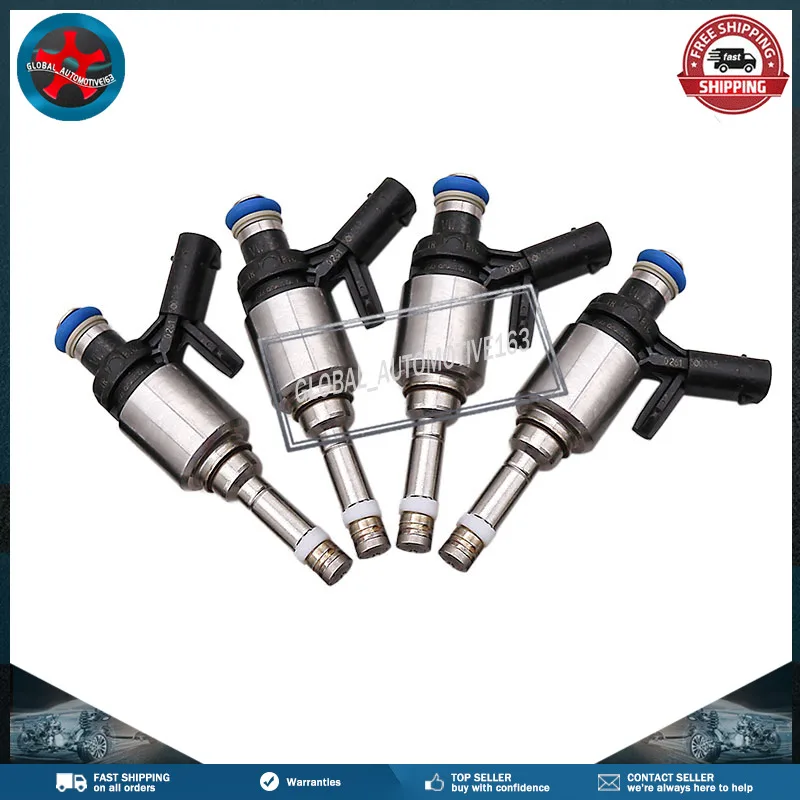 Топливные форсунки для AUDI A3 2016 L 2015-2016 VOLKSWAGEN GOLF L 2015-06L906036J 4 шт.
Топливные форсунки для AUDI A3 2016 L 2015-2016 VOLKSWAGEN GOLF L 2015-06L906036J 4 шт.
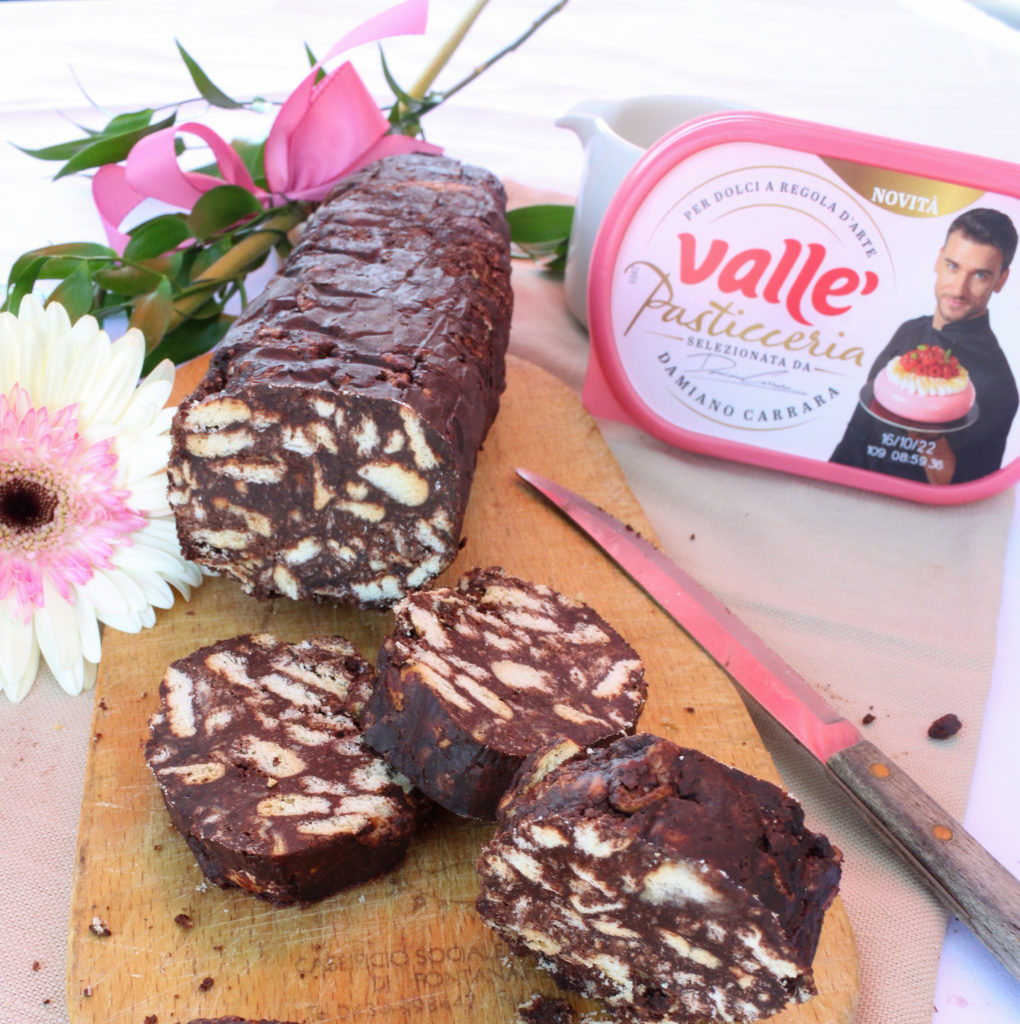 salame di cioccolato senza lattosio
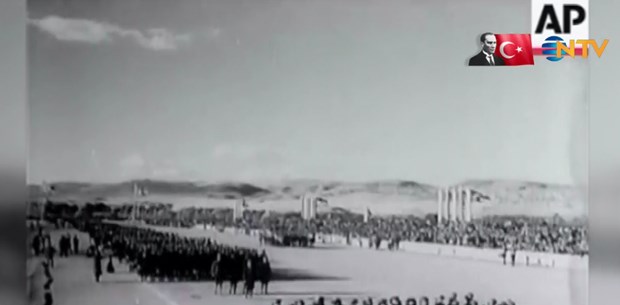 Uluslararası haber ajansı AP arşivinde bulunan...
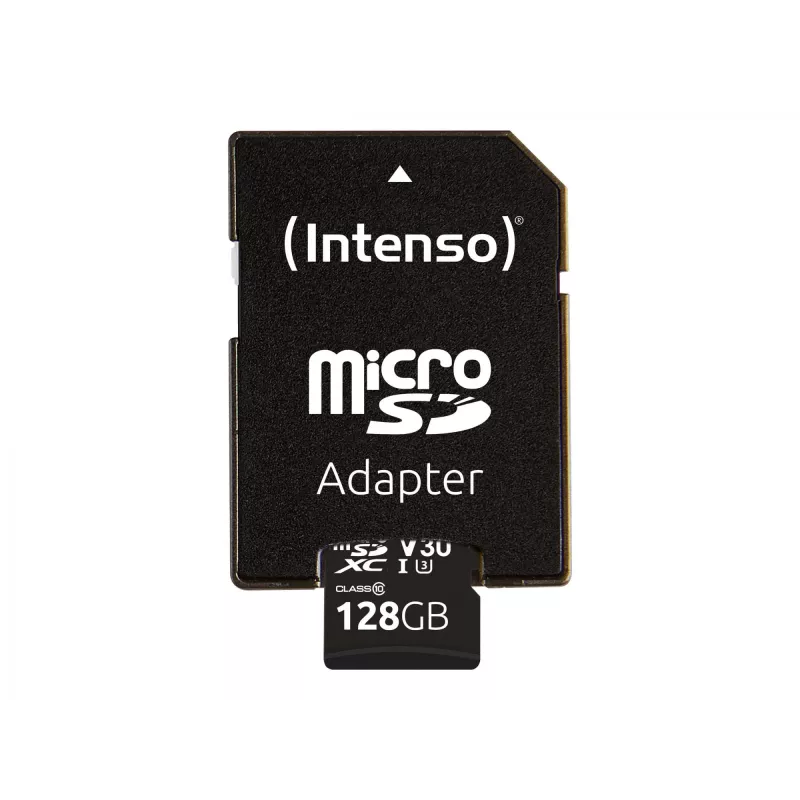 MEMORY MICRO SDXC 128GB C10/W/ADAPTER 3433491 INTENSO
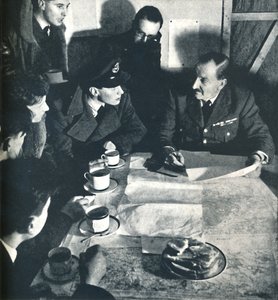 Terugkeer: Onderzoek, 1941 door Cecil Beaton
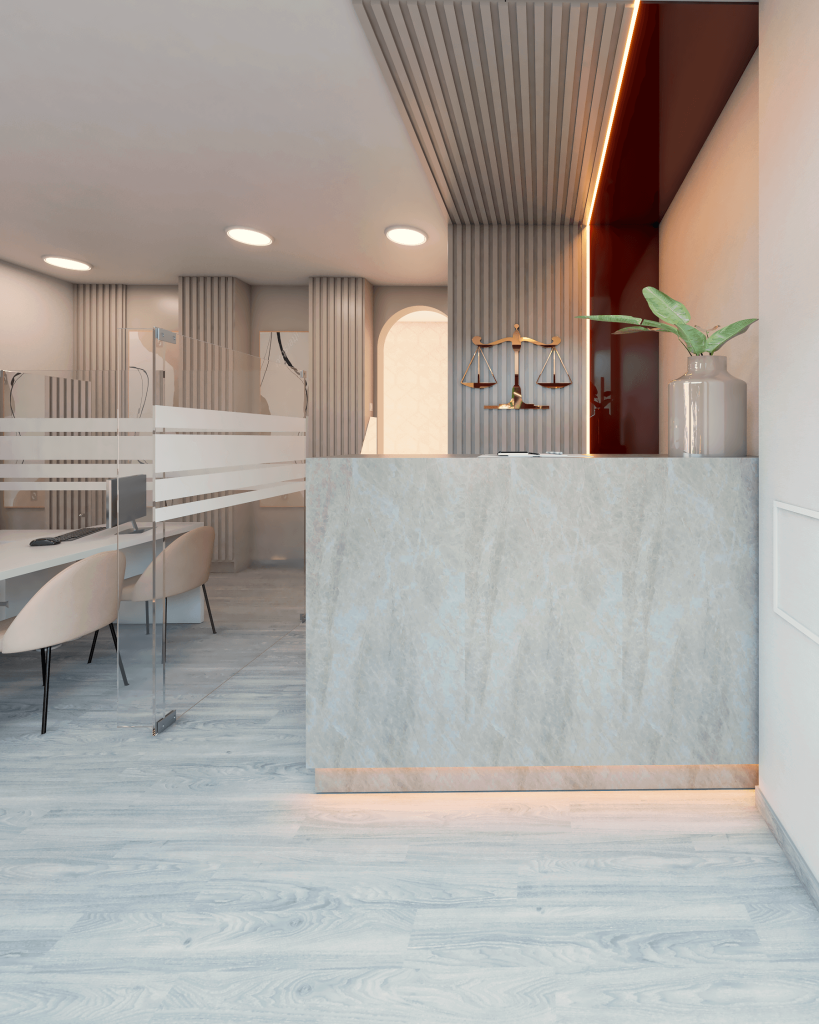 Projeto Design Interiores Advogados 2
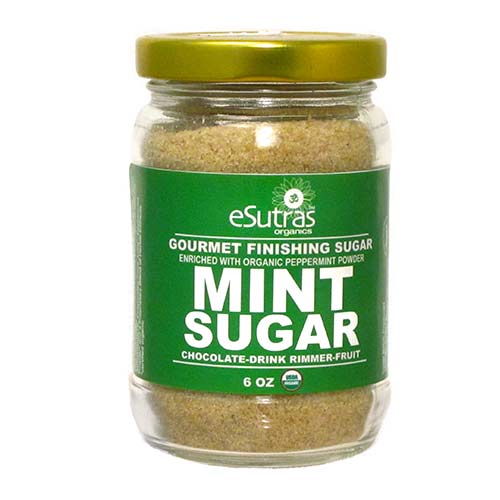 Mint Sugar - 6 oz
════════
• [Work instructions] Give back an exact reproduction of the entries, with all pictures excluded.

• [Result of this exercise]
 Топливные форсунки для AUDI A3 2016 L 2015-2016 VOLKSWAGEN GOLF L 2015-06L906036J 4 шт.
Топливные форсунки для AUDI A3 2016 L 2015-2016 VOLKSWAGEN GOLF L 2015-06L906036J 4 шт.
 salame di cioccolato senza lattosio
 Uluslararası haber ajansı AP arşivinde bulunan...
 MEMORY MICRO SDXC 128GB C10/W/ADAPTER 3433491 INTENSO
 Terugkeer: Onderzoek, 1941 door Cecil Beaton
 Projeto Design Interiores Advogados 2
 Mint Sugar - 6 oz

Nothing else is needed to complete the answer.